Полина не роптала. Она знала, что такое положение, эта адская нагрузка, циклическая круговерть однообразных занятий и обязанностей, отупляющих мозг, дело временное. Стоит только пережить: год, может быть два. Всё наладится.
Опять будет сиять солнце, петь птицы, люди – улыбаться и радоваться жизни.
Как же было хорошо тогда…
С Ромкой они почти не общались, виделись лишь краткий миг перед сном и несколько условно приятных минут в постели.
Рома старался не утомлять жену сексом. Ей и без того тяжело.
Оба ужасно уставали, отчего приходилось жить в изолированном, отчуждённом мире. Несмотря на ребёнка и мужа Полина чувствовала себя одинокой, брошенной.

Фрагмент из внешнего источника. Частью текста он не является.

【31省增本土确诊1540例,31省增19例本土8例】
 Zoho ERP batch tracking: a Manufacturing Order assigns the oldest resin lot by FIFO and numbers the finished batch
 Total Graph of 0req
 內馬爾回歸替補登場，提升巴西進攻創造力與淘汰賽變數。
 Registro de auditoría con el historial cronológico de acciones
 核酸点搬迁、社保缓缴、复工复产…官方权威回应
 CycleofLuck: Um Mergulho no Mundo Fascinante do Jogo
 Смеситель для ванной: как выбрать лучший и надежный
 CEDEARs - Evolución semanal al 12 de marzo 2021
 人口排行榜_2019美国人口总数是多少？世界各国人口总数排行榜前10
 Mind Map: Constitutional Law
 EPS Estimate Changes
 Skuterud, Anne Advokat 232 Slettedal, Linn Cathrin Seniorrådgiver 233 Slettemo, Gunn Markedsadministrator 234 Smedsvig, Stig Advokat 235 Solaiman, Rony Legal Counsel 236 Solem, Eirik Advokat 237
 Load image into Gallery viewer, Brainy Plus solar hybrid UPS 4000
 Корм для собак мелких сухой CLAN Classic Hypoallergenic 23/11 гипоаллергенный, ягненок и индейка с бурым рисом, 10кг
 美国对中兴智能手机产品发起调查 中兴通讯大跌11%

Ромка в краткие минуты, когда им удавалось побыть наедине, слиться душой и телом, был заботлив и нежен, трогательно чувствителен, ласков, но закончив ритуальный танец, сразу отворачивался к стенке и моментально засыпал.
Он всегда хотел Полину, только последнее время всё чаще старался гасить страсть, чтобы не утомить, не причинить боль, не вызвать приступ негодования.
Он понимал, насколько Полине непросто, как слаб и хрупок их малыш, что сам бы не выдержал и десятой доли тех титанических усилий, которые приходится прилагать жене ежеминутно, но помогать не спешил.
Мужское восприятие действительности, которое внушила ему мать, не позволяло взять часть женских забот на себя. Ромка боялся, что такими действиями можно избаловать жену, тогда всё в семье пойдёт наперекосяк.
Пусть уж сама справляется, – думал он.
Чтобы не расстраиваться, наблюдая за плавно-медлительными, словно она постоянно под наркозом, действиями Полины, Ромка старался подольше задерживаться на работе или общался с закадычными друзьями.
Он не был плохим мужем. Так его научили жить.
Палина втянулась в порядок семейных церемоний и обязательных действий, приспособилась, примирилась. Другой жизни девочка не знала.